Data to examine>
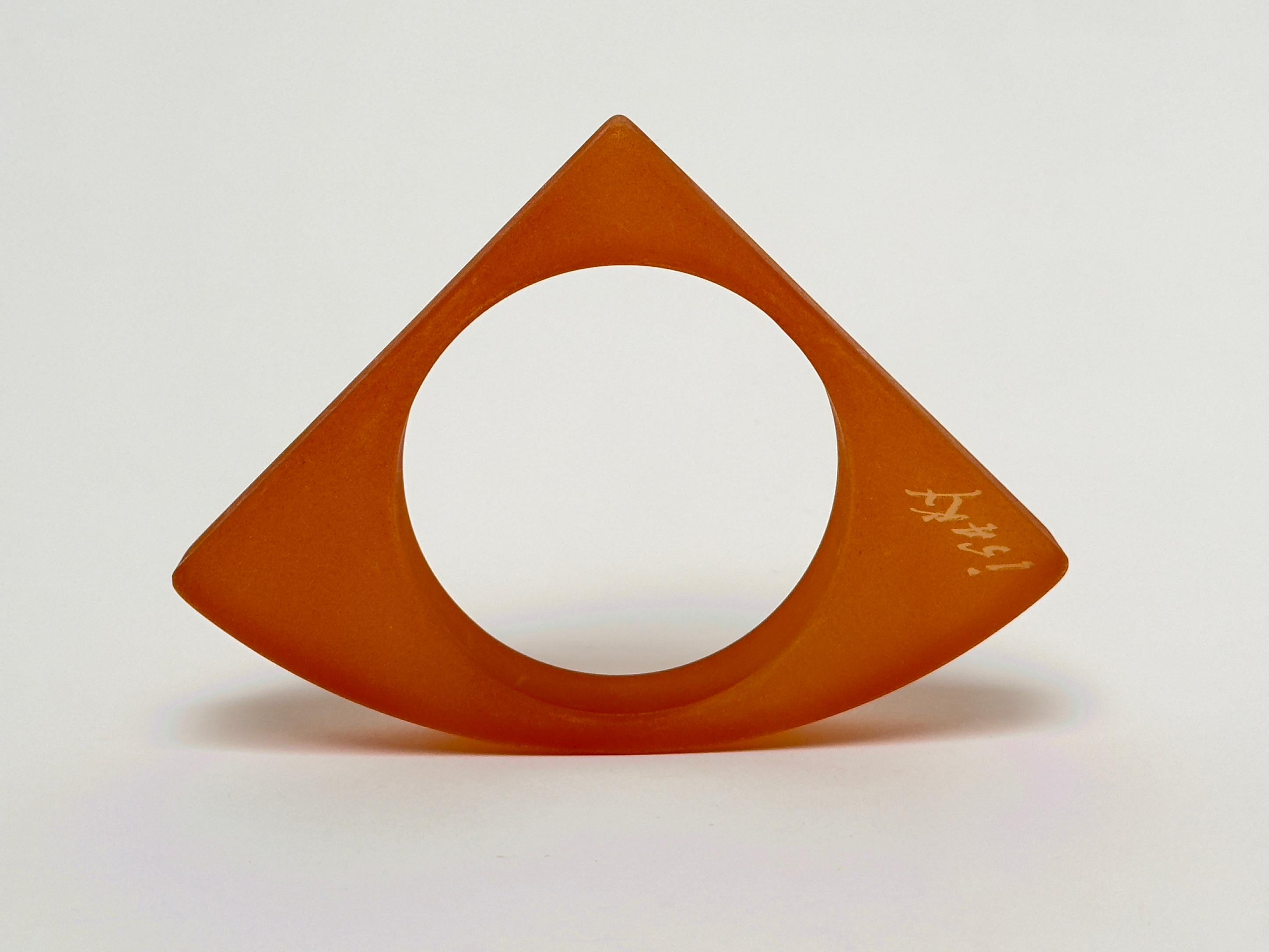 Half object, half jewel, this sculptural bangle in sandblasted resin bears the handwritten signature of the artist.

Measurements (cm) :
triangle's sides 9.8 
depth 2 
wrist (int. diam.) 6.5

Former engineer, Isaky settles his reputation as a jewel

Instructions to follow> Where an entry contains an image, skip the image; repeat everything else exactly.

Response box>
 Half object, half jewel, this sculptural bangle in sandblasted resin bears the handwritten signature of the artist.

Measurements (cm) :
triangle's sides 9.8 
depth 2 
wrist (int. diam.) 6.5

Former engineer, Isaky settles his reputation as a jewel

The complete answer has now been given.